**WHAT YOU SHOULD DO:**
Output the entries below word for word, stopping once the line containing "OEM ODM Mud" is done, and omit each picture.

**Source data:**
※ ※ ※

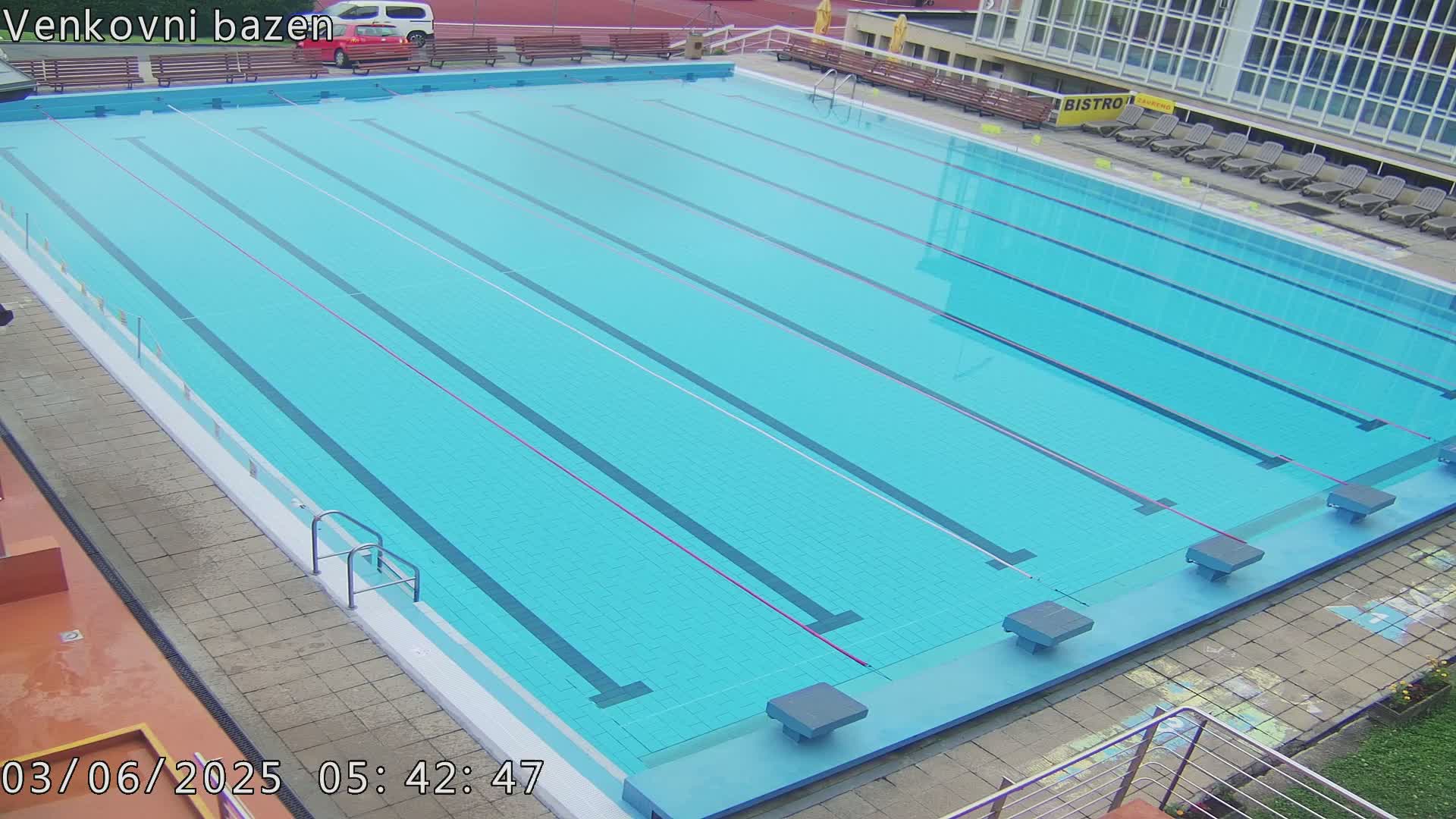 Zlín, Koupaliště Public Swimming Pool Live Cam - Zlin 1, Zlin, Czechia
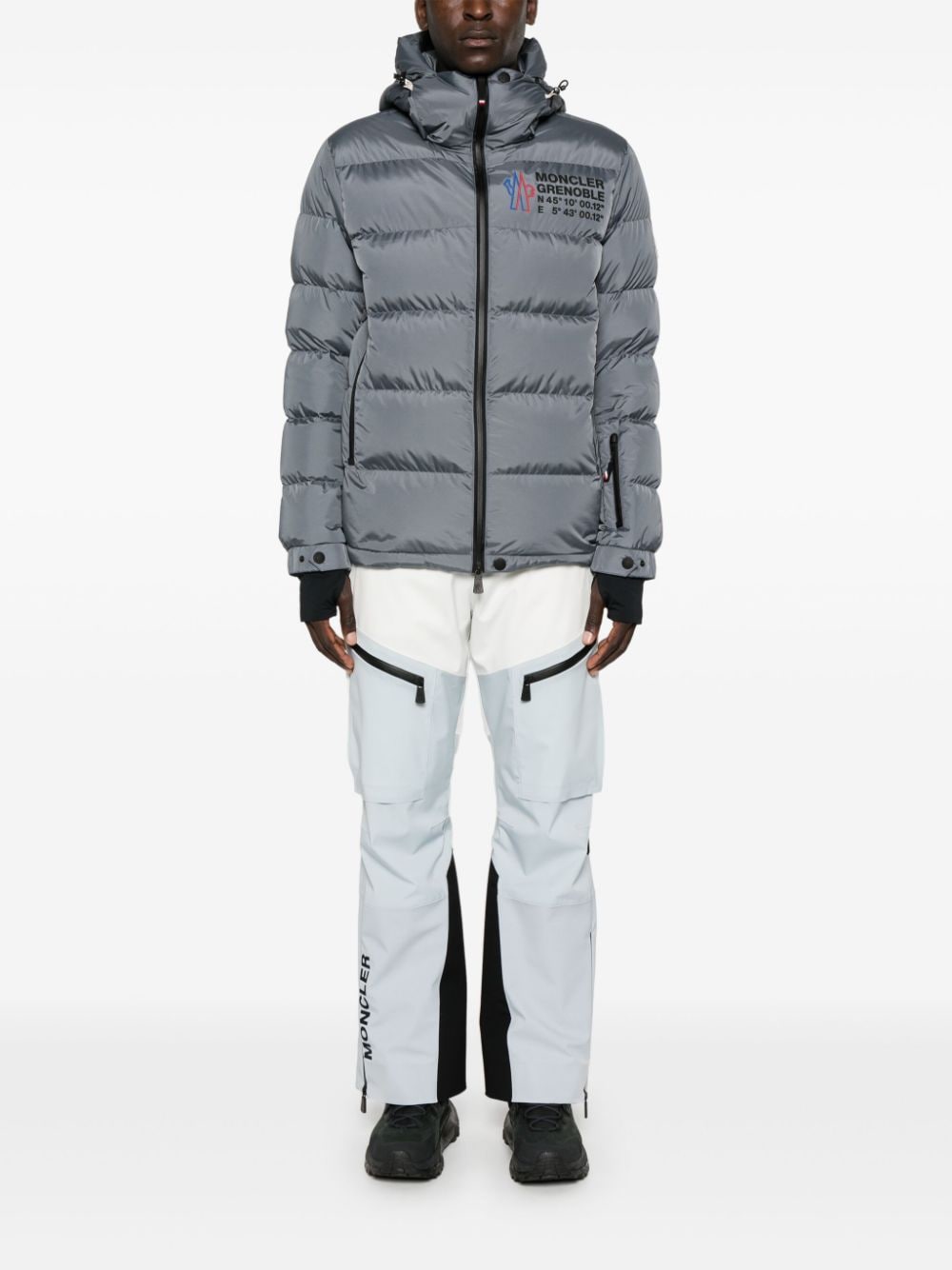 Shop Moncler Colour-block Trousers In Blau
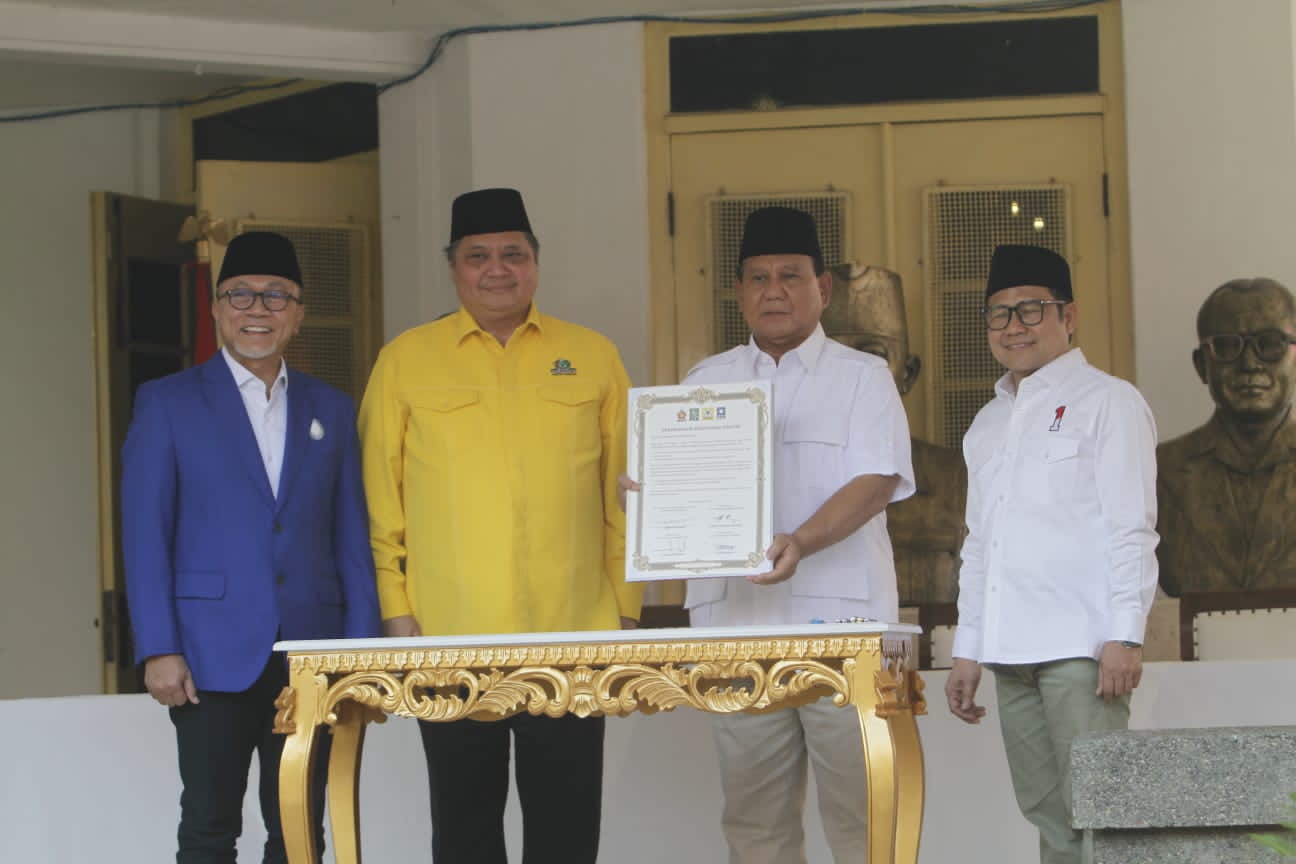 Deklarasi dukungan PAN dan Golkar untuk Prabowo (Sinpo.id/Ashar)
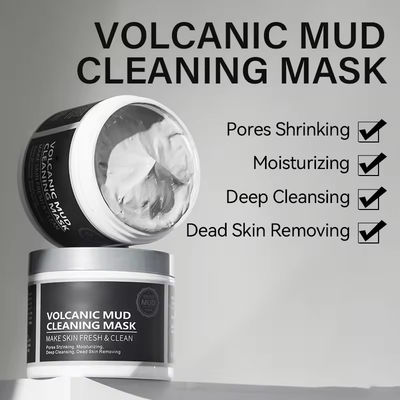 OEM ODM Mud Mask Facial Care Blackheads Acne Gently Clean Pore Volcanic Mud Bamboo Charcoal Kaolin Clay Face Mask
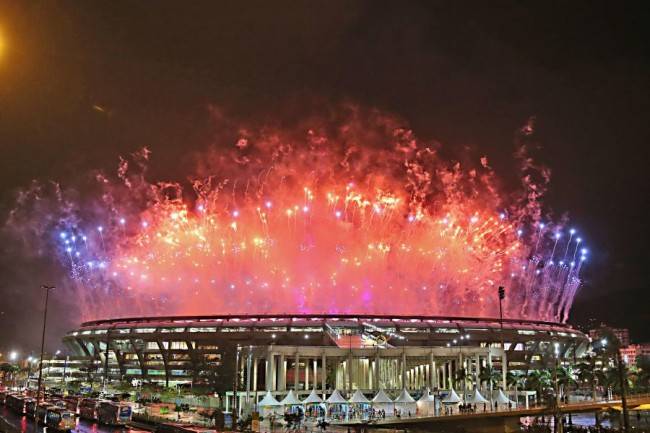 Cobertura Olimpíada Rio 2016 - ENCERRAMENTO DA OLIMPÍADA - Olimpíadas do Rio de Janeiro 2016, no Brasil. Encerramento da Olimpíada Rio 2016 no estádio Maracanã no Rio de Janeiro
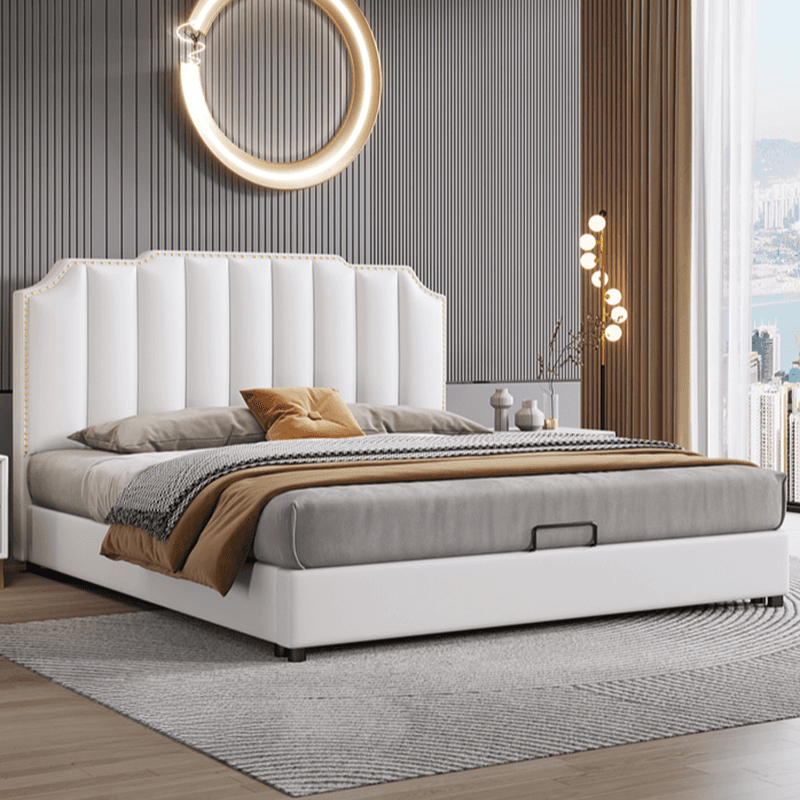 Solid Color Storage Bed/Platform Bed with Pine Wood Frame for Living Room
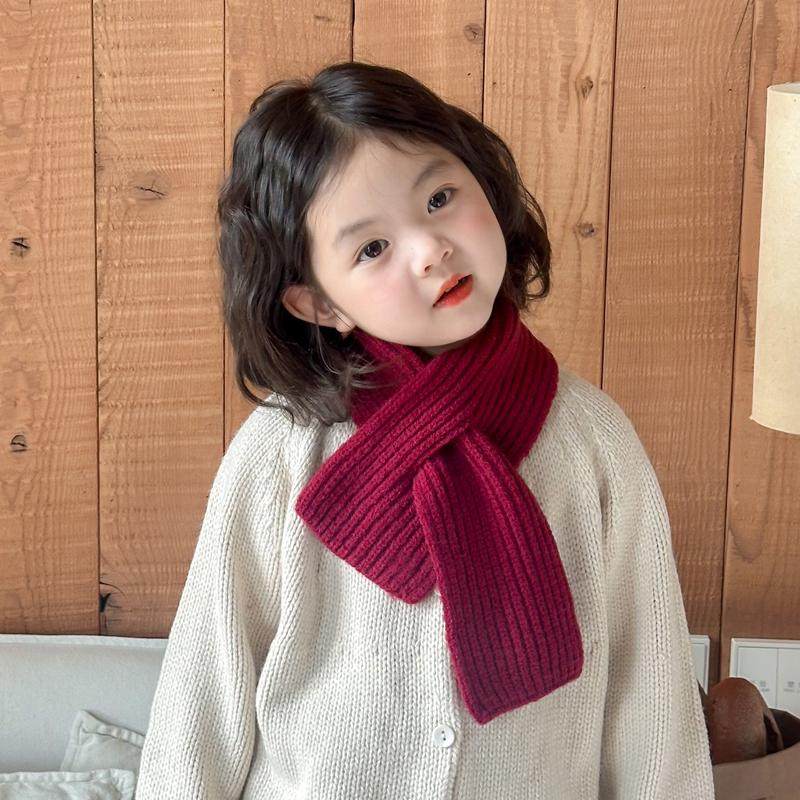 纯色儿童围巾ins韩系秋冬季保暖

※ ※ ※

**ANSWER FOR THE TASK:**
 Zlín, Koupaliště Public Swimming Pool Live Cam - Zlin 1, Zlin, Czechia
 Shop Moncler Colour-block Trousers In Blau
 Deklarasi dukungan PAN dan Golkar untuk Prabowo (Sinpo.id/Ashar)
 OEM ODM Mud Mask Facial Care Blackheads Acne Gently Clean Pore Volcanic Mud Bamboo Charcoal Kaolin Clay Face Mask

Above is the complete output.